Lo que sabemos de Scappi nos llega precisamente a través de su obra. Se desconoce la fecha exacta de su nacimiento y se sospecha que su muerte se produjo en torno a 1570. Hay quienes sostienen que vino al mundo en Bolonia, otros aseguran que en Venecia o en Varese. En fin. Tuvo a su cargo, eso sí, poderosas cocinas en una época en que los banquetes eran la mejor muestra del poder de la nobleza eclesiástica. Sus platos sirvieron para honrar embajadores y cerrar tratados comerciales. En el Vaticano empezó sirviendo al cardenal Lorenzo Campeggi y acabó sus días como cocinero privado del Papa Pío V.
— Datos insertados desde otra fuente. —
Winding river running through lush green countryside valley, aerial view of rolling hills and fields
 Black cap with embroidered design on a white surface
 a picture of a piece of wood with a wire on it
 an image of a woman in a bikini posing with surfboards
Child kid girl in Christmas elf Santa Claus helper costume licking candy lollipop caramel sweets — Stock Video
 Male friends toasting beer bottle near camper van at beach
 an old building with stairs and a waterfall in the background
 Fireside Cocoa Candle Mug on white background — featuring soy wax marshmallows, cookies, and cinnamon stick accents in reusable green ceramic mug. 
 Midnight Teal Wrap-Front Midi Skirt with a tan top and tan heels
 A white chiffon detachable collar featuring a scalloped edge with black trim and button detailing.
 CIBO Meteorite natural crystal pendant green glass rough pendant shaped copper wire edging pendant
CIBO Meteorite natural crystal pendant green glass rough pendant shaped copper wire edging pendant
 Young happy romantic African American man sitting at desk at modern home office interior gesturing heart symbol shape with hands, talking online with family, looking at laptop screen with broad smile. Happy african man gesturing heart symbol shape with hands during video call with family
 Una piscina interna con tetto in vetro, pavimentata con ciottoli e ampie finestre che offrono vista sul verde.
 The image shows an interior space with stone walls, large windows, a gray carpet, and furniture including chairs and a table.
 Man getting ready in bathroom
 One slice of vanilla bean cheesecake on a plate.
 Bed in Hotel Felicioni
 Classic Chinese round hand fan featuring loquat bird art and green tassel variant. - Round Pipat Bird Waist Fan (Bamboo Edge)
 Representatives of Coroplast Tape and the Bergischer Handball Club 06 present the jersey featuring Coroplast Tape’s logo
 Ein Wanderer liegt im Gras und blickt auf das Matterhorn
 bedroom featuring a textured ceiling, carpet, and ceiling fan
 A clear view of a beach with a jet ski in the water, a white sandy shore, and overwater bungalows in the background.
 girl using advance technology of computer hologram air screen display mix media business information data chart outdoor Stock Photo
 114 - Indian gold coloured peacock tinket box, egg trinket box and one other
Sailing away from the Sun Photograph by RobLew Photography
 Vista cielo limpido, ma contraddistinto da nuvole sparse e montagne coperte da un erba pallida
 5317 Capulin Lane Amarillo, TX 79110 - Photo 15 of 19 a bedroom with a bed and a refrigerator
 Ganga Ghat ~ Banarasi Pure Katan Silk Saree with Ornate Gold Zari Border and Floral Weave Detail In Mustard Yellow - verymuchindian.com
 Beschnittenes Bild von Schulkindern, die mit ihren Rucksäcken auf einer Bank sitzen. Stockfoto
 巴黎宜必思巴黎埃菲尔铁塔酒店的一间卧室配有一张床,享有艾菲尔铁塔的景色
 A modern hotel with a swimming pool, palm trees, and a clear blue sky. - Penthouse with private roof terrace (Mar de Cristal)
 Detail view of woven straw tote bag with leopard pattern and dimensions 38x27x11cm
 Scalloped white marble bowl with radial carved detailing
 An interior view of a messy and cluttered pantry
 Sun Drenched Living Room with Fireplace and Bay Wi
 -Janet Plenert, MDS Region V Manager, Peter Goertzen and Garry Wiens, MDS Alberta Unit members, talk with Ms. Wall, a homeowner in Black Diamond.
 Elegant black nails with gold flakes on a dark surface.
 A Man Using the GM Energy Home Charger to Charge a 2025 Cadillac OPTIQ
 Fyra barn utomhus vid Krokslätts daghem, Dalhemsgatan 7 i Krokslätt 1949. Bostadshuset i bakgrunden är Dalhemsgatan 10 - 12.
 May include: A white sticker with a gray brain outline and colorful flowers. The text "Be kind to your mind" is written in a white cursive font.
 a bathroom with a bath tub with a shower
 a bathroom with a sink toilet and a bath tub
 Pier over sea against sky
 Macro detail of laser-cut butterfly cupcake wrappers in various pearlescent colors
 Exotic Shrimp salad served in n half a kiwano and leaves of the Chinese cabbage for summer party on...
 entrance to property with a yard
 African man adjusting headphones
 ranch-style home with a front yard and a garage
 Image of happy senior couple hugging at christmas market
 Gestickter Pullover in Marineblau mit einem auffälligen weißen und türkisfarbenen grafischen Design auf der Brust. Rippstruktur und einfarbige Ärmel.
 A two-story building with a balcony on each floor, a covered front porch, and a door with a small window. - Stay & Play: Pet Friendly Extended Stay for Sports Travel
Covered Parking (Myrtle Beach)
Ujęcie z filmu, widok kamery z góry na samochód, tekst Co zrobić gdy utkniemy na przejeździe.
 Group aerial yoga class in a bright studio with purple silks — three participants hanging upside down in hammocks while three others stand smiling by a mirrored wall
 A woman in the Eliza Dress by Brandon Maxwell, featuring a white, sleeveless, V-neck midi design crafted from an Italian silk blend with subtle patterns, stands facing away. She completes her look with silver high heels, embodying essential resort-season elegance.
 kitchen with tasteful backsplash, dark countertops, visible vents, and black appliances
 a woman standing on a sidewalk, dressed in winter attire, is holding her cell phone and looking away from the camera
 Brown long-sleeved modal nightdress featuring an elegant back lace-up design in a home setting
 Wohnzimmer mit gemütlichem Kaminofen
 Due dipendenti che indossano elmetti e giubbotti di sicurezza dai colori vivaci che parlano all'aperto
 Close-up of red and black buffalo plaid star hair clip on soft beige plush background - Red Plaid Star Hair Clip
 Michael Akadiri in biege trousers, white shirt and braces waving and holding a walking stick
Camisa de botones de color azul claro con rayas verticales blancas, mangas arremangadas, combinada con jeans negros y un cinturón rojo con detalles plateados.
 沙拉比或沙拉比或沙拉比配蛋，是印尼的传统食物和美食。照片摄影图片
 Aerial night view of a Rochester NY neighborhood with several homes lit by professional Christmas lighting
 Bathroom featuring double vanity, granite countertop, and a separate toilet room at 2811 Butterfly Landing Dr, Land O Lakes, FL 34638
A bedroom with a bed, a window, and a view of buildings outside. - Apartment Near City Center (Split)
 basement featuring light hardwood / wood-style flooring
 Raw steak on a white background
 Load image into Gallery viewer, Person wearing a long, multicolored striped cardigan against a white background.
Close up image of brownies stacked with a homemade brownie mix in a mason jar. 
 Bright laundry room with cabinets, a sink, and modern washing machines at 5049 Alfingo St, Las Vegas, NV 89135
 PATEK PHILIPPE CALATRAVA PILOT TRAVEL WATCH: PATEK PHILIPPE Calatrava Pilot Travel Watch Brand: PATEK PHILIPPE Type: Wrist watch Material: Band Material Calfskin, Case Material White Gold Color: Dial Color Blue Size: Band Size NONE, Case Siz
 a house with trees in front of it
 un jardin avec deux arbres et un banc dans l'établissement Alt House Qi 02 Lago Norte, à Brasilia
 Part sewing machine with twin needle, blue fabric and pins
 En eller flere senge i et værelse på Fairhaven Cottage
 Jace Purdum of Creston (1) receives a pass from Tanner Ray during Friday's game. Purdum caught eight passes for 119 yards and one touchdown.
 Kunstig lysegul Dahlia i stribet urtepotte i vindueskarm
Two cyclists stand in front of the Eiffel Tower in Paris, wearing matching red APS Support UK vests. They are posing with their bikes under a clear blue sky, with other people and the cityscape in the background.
Opera es un compendio de sabiduría renacentista. Aporta decenas de soluciones culinarias, innumerables listas de platos, técnicas exclusivas relacionadas con la conservación de alimentos, ideas para organizar banquetes, conceptos dietéticos y de higiene. Scappi es, en este sentido, un verdadero pionero, se dio cuenta ya entonces de que los alimentos sujetos a unas condiciones específicas de salubridad aumentan el bienestar y la calidad de la vida. Insiste en que el ambiente donde se manipula y cocina la comida debe ser, en la medida de lo posible, limpio y ordenado. Desde el punto estrictamente técnico, fue un verdadero profesional; utilizó los primeros productos que procedían de América y a él se deben muchas de las aplicaciones prácticas, que todavía están vigentes en la restauración moderna. El enharinado y el empanado, por ejemplo, pero también la estanquidad de la carne blanca y roja antes de cualquier cocción. Sus recetas vislumbran el salto que se produce desde la cocina de la Edad Media. Si entonces la tendencia era la caza de pelo y de pluma, Scappi sugiere por primera vez el uso de la carne de ganado y de granja en los menús y en los banquetes.

No sólo el papado de Roma y la curia vaticana se han rendido a los grandes placeres de la mesa. En Aviñón sucedió otro tanto con el vino. El Châteauneuf-du-Pape aplacó la proverbial sed de aquellos papas que en el siglo XIV huían de los calores buscando la sombra. Todos ellos, los siete, desde Clemente V hasta Gregorio XI, impulsaron el desarrollo de la viña y favorecieron el vino. El rigor y la constancia en la producción hicieron después que el Châteauneuf se convirtiera en el ejemplo que inspiró las AOC en Francia y la noción de terroir. De hecho, fue el vino de aquel papado que acabó en bronca el primero que obtuvo esa delimitación parcelaria o denominación de origen en el país vecino.